This repository contains my notebook for a multiclass food image classification project built around pretrained ConvNeXt models and out-of-fold ensembling. The goal was to classify food images into 10 categories using a pipeline that stays simple at the model-training level, but becomes much stronger through careful validation, test-time augmentation, and ensemble design.
The notebook ranked 1st in my school submission for this project.
The work starts from a balanced 10-class image dataset and builds a full training and inference pipeline in a single notebook. Rather than training a vision model from scratch, I used transfer learning with pretrained ConvNeXt backbones and trained lightweight classification heads on top of frozen features. From there, I improved performance step by step through cross-validation, stronger test-time augmentation, probability blending, and stacking.
The notebook is designed to be read as a complete experiment. It includes data preparation, path cleaning, fold construction, model training, checkpointing, out-of-fold prediction generation, ensemble search, and final submission creation.
The first part of the notebook focuses on making the dataset reliable before training. It cleans and normalizes image paths, builds label mappings, checks that files exist, creates stratified 3-fold splits, and inspects the image size distribution. This ensures that the rest of the pipeline is reproducible and that model comparisons are fair.
The modeling stage uses two pretrained backbones from timm: ConvNeXt Tiny and ConvNeXt Small. In both cases, the backbone is frozen and only the final classifier head is trained on the project data. This gives a fast and stable transfer-learning setup while still adapting the model to the 10 food classes. Training is done with standard image augmentations, mixed precision, and fold-wise validation.
After training the base models, the notebook builds out-of-fold predictions across the full training set. These OOF predictions are central to the project because they provide an honest estimate of performance and make it possible to build ensembles without leakage.
The next stage applies strong test-time augmentation by averaging predictions over multiple deterministic crops and horizontal flips. On top of that, the notebook explores two ensemble strategies. The first is direct probability blending, including both linear and geometric combinations. The second is an OOF-safe stacking stage, where a logistic regression meta-model is trained on the base-model probability outputs to learn how to combine them.
The final part of the notebook produces competition-style submissions, including a quota-constrained assignment step that uses the balanced structure of the dataset to improve the final prediction set.
A central choice in this project was to rely on the quality of pretrained visual features instead of spending most of the effort on heavy fine-tuning. The strongest gains did not come from changing the backbone dramatically, but from improving robustness and combining complementary predictors well.
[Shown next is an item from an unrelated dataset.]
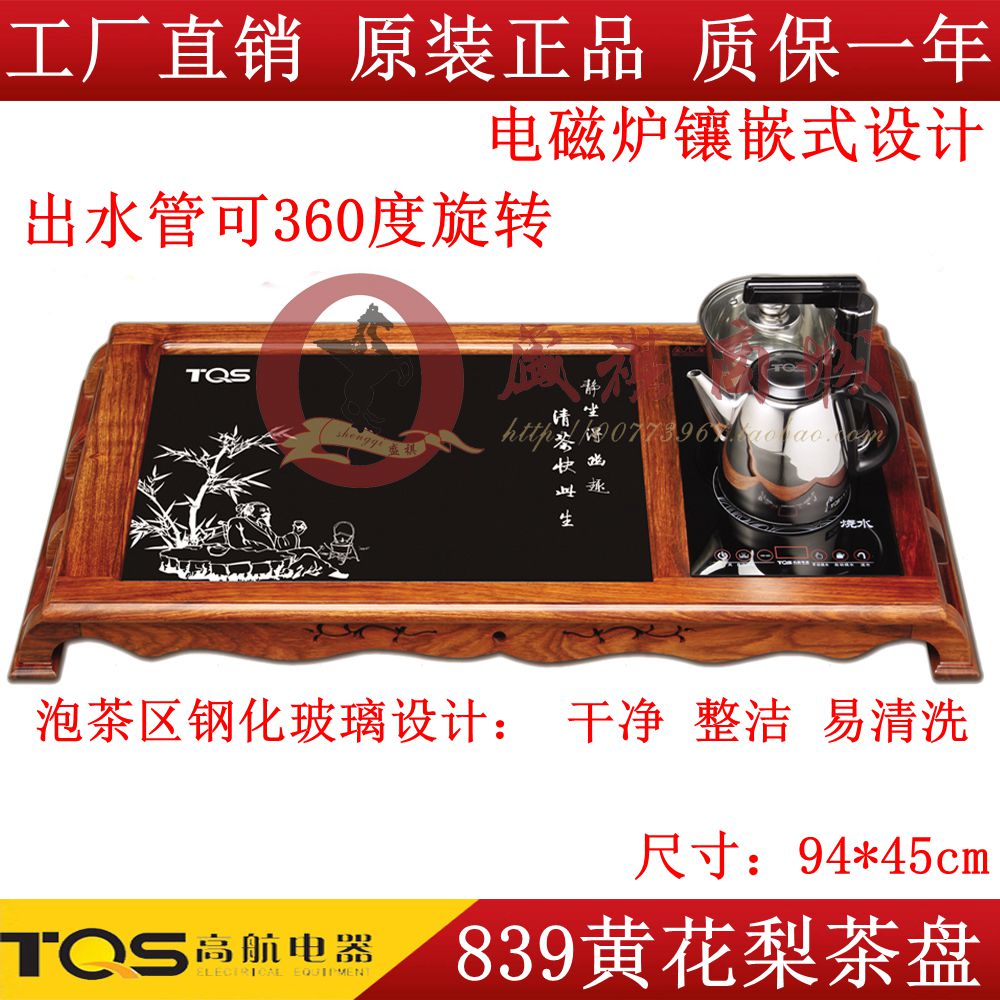 TQS高航电器正品839黄花梨木多功能电磁炉泡茶炉电热茶盘整套茶具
The notebook shows that even when two single models are already strong, their combination can still yield a significant improvement if they make different mistakes. This is why the ensemble stage became the most important part of the project.
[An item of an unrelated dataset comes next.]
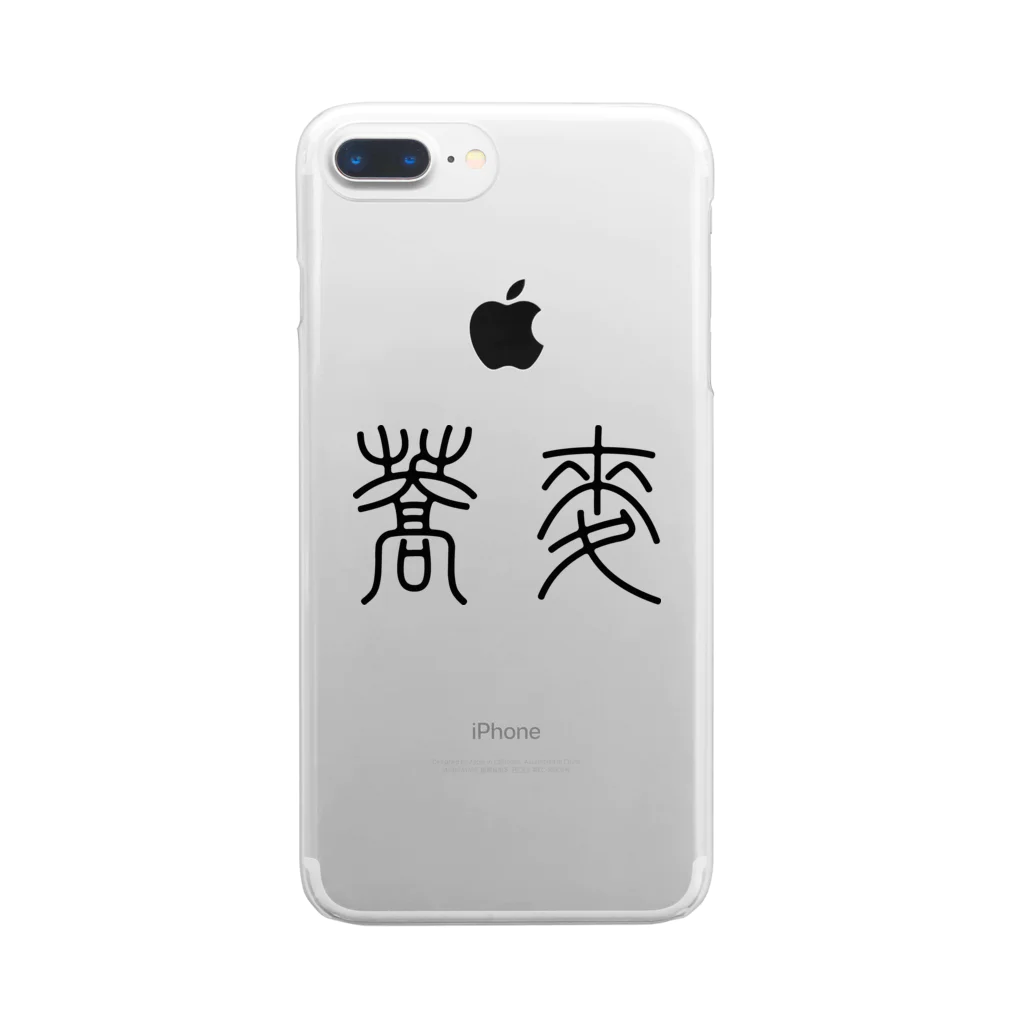 風天工房の蕎麦そば（篆書体）黒 Clear Smartphone Case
Both ConvNeXt Tiny and ConvNeXt Small performed strongly as individual models under 3-fold cross-validation. Stronger test-time augmentation improved both of them further. The largest gain came from blending the Tiny and Small model families, which outperformed either single model alone. Stacking also helped, although the best simple blend remained extremely competitive. The final combined system produced the best overall results in the notebook.